• [Exercise description]: Keeping every word the same, give again only the lines from the one with "Ver imagem 2" through the end of the data, both included, and leave every picture out.

• [Supplied material]:
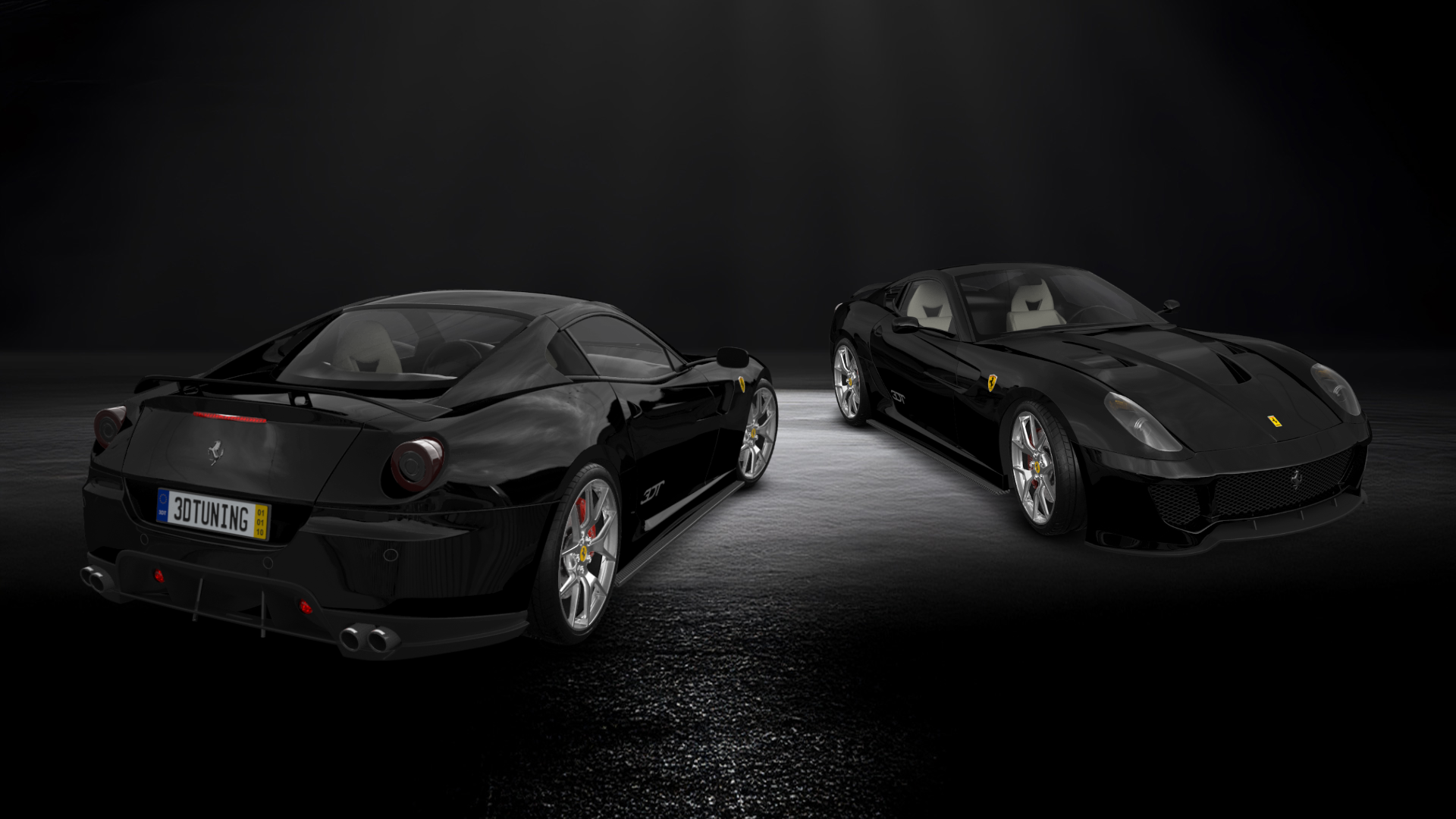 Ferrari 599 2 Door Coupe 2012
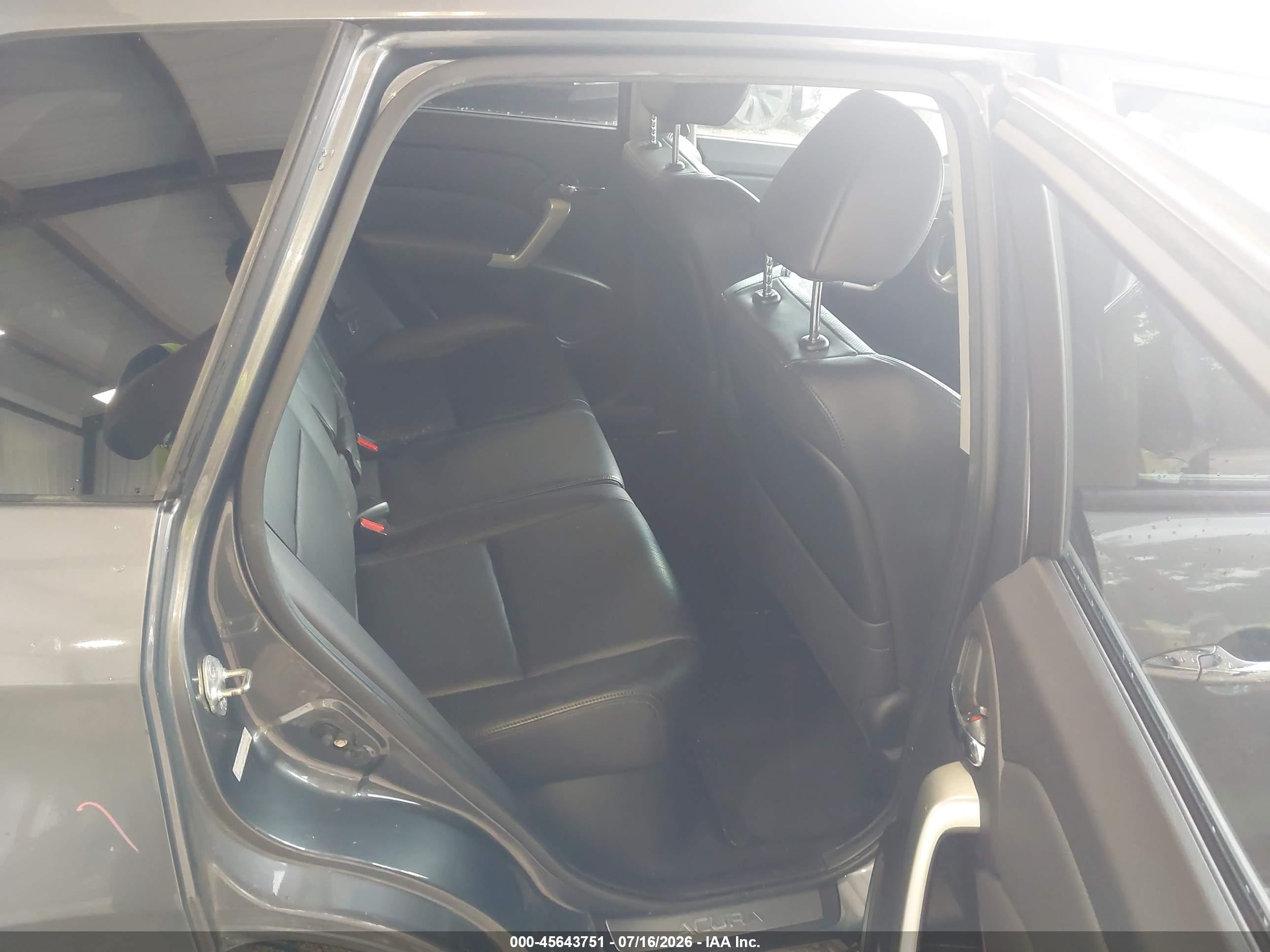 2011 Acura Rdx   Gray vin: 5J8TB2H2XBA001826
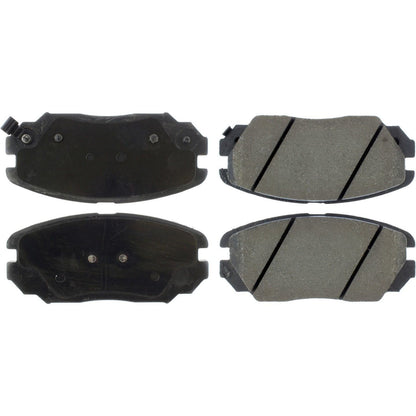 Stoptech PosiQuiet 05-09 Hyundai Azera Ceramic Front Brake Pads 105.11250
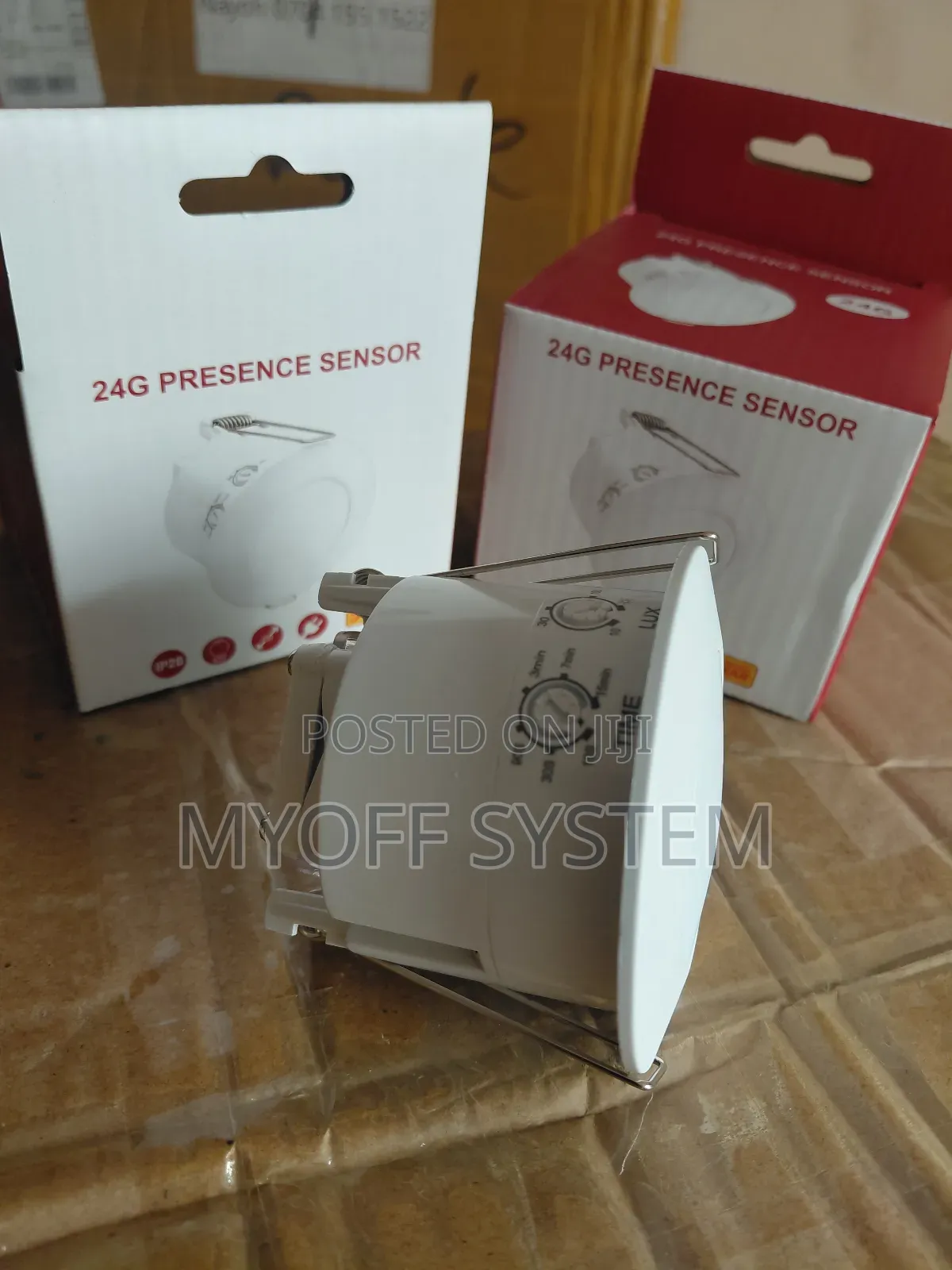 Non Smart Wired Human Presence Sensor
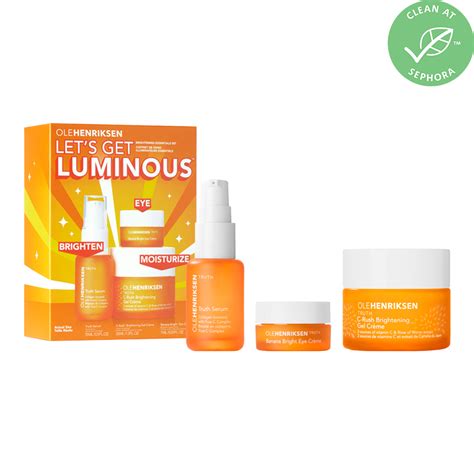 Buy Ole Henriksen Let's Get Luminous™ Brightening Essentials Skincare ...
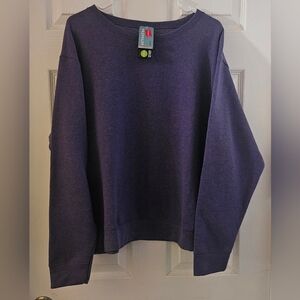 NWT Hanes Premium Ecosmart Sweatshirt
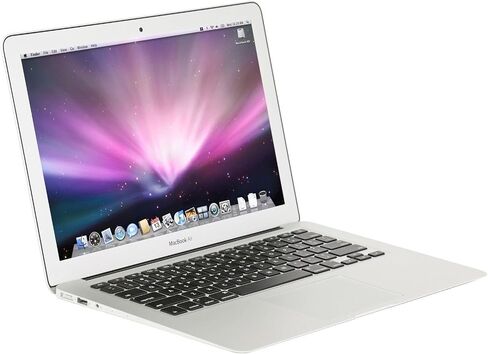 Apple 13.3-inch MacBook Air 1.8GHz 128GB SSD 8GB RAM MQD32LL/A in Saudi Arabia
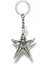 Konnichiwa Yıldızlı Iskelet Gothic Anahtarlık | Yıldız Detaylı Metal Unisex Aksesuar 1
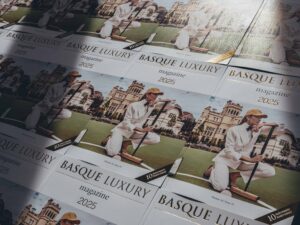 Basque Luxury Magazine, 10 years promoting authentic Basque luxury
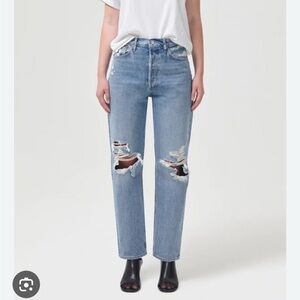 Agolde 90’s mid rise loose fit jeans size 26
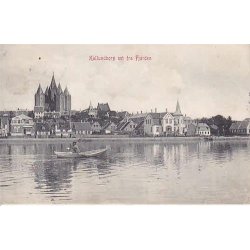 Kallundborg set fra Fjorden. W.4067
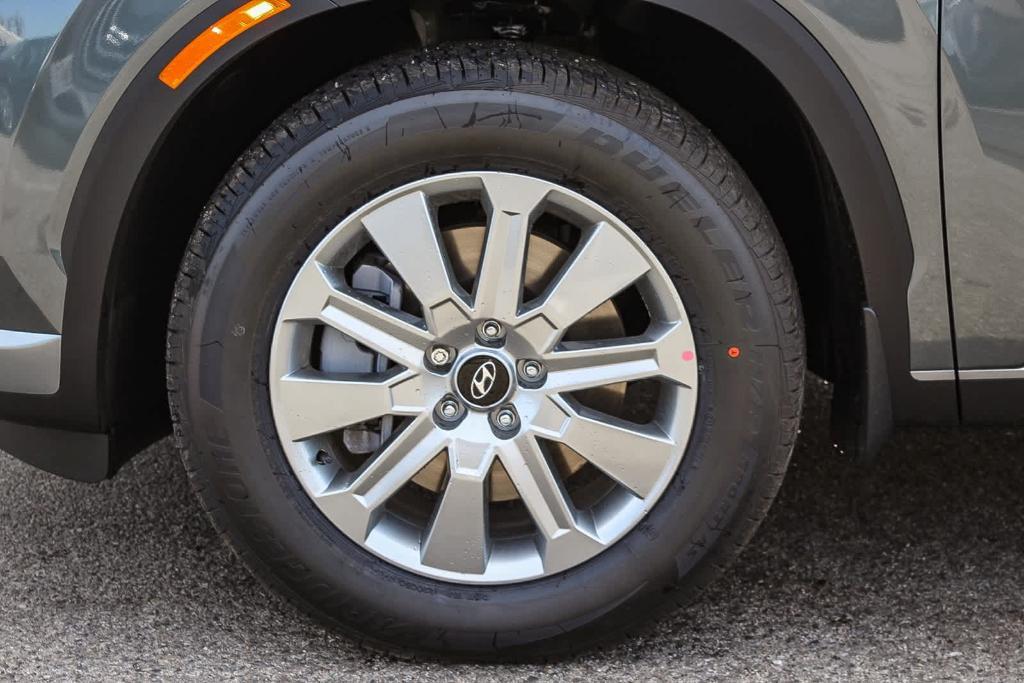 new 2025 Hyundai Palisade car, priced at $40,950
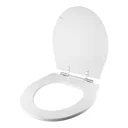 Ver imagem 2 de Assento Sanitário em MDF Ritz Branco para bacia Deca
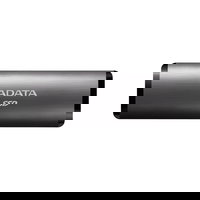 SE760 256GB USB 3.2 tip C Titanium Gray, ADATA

• [Reply to the exercise]:
 Ver imagem 2 de Assento Sanitário em MDF Ritz Branco para bacia Deca
 SE760 256GB USB 3.2 tip C Titanium Gray, ADATA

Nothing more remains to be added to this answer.